→ **Data provided**:

:::

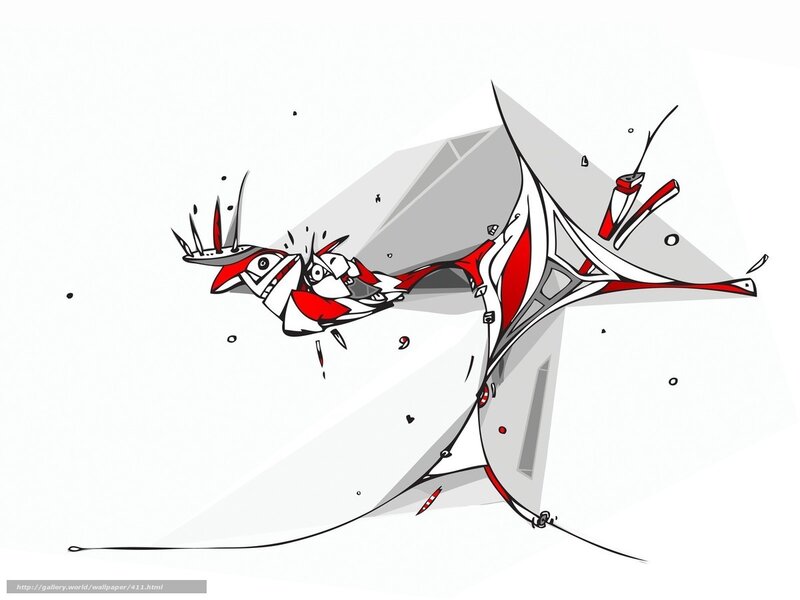 abstract red and white creature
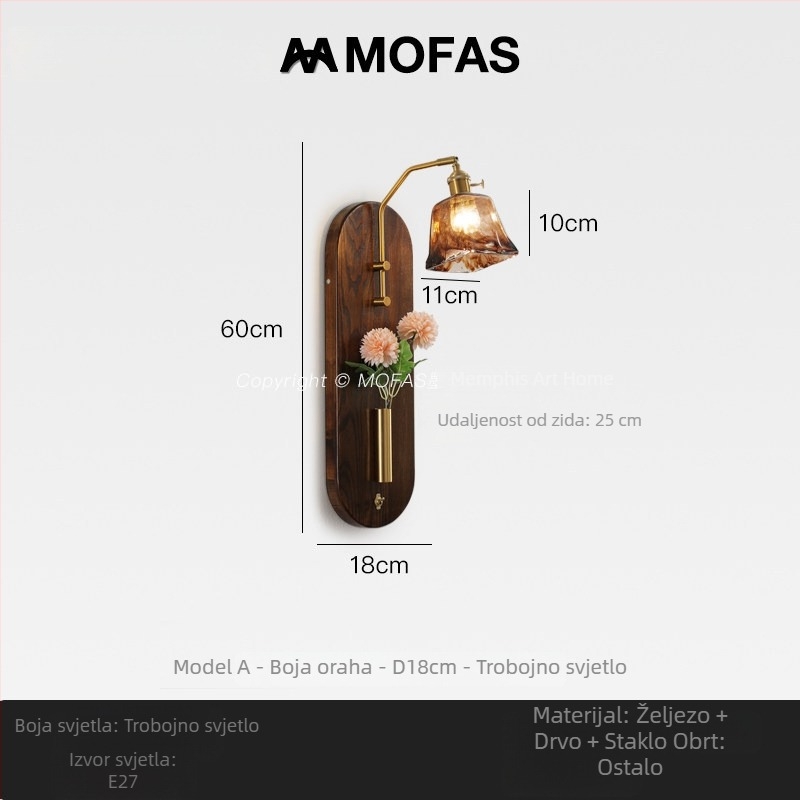 MOFAS Francuski stil vintage zidna lampa s cvjetnim aranžmanom, prekidačem, za spavaću sobu, hodnik i dnevni boravak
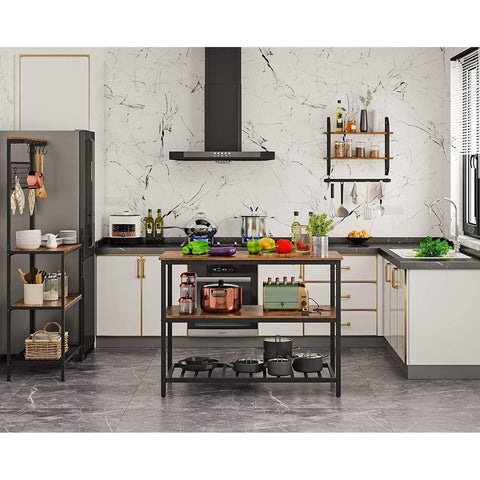 Rootz Kitchen Cabinet - Kitchen Rack - Kitchen Cabinets - Standing Rack with Shelves - Industrial - Brown / Black - 120 x 60 x 90 cm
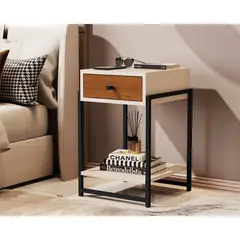 TU MESITA - Velador Industrial Elda Caramelo 1 Cajón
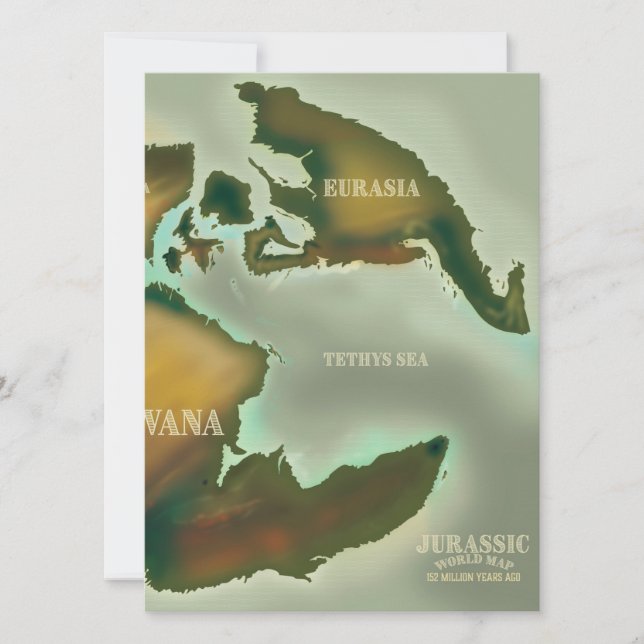 Jurassic Map Vintage travel poster. (Front)
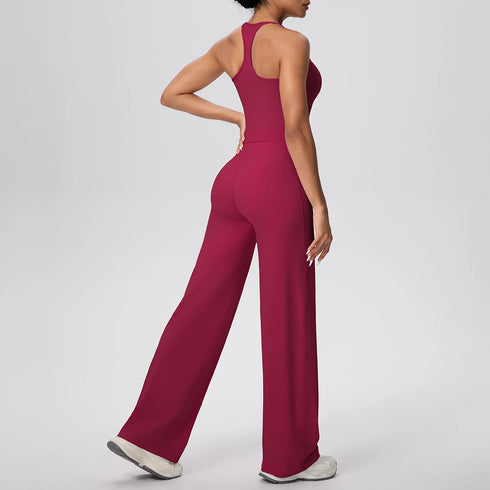 Backless Yoga Set with Wide Leg Pants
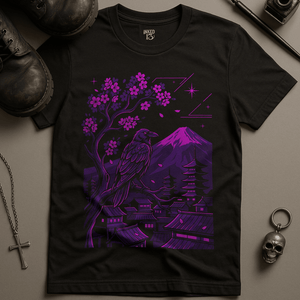 Crow Neon Japanese City T-Shirt - Black - S - Inked 13 Ltd Unisex alternative tattoo apparel
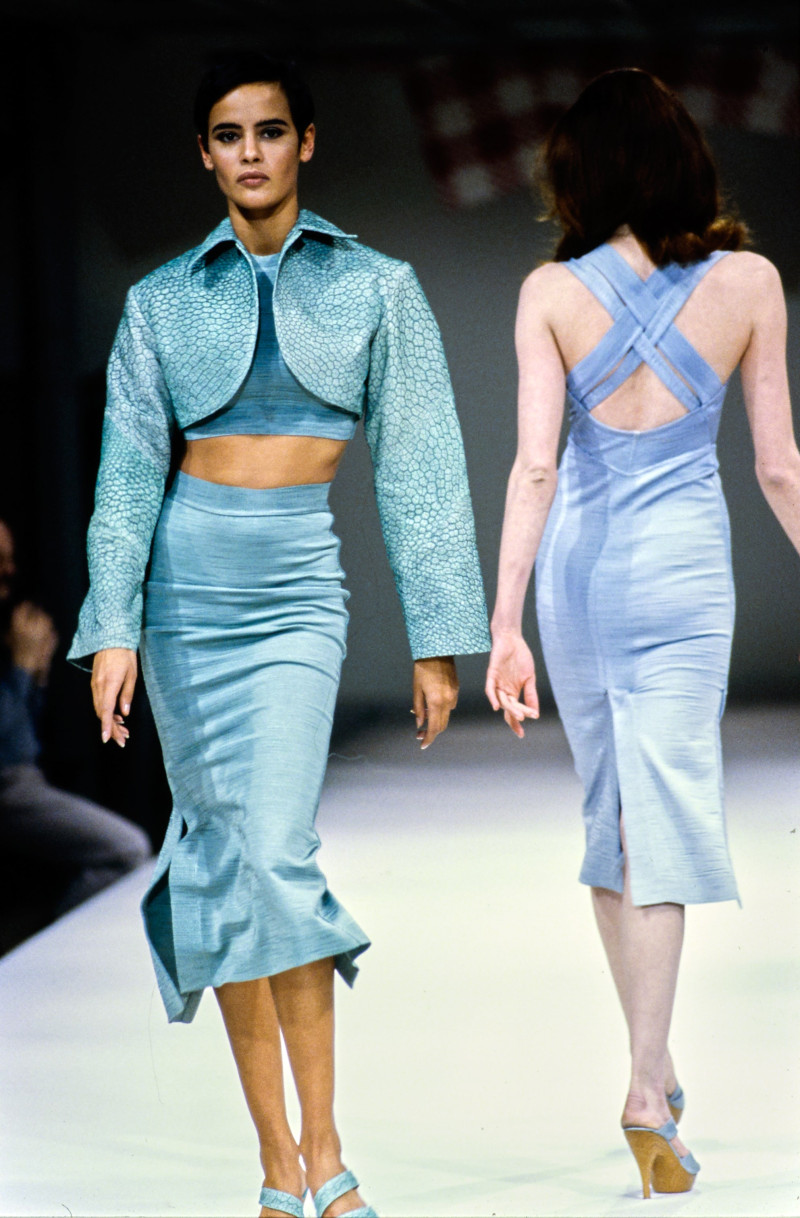 Nadege du Bospertus featured in  the Alaia fashion show for Spring/Summer 1991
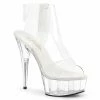 PLEASER Delight-633 Clear Stripper Pole Dancer T-Strap Platform Bootie 6" Heels
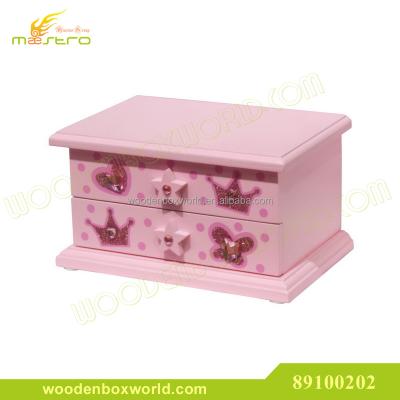 China MDF Jewelry Box Ballerina Girls Wooden Musical Trinket Storage Box Pink Shimmer for sale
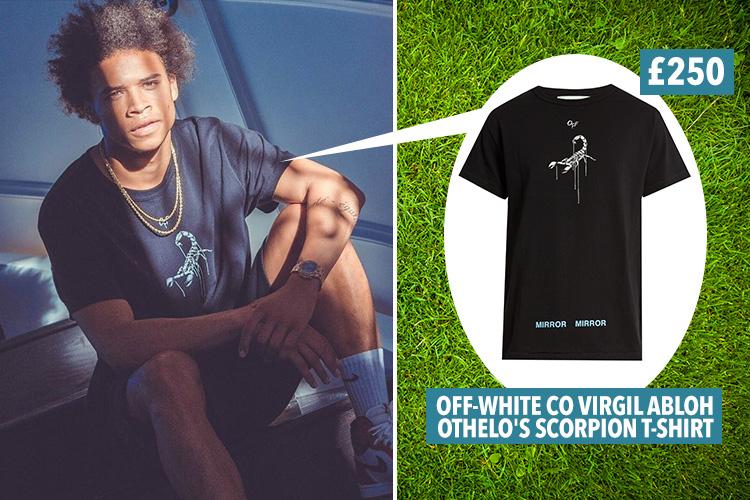 Leroy Sane poses for a picture on Instagram wearing a £250 Off-White T-shirt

:::

→ **Required work**: The line containing "Backless Yoga Set with Wide Leg Pants" and every line after it, through the end of the material above, are to be printed exactly; no pictures belong in the output.

→ **Answer section**:
 Backless Yoga Set with Wide Leg Pants
 Crow Neon Japanese City T-Shirt - Black - S - Inked 13 Ltd Unisex alternative tattoo apparel
 Nadege du Bospertus featured in  the Alaia fashion show for Spring/Summer 1991
 PLEASER Delight-633 Clear Stripper Pole Dancer T-Strap Platform Bootie 6" Heels
 China MDF Jewelry Box Ballerina Girls Wooden Musical Trinket Storage Box Pink Shimmer for sale
 Leroy Sane poses for a picture on Instagram wearing a £250 Off-White T-shirt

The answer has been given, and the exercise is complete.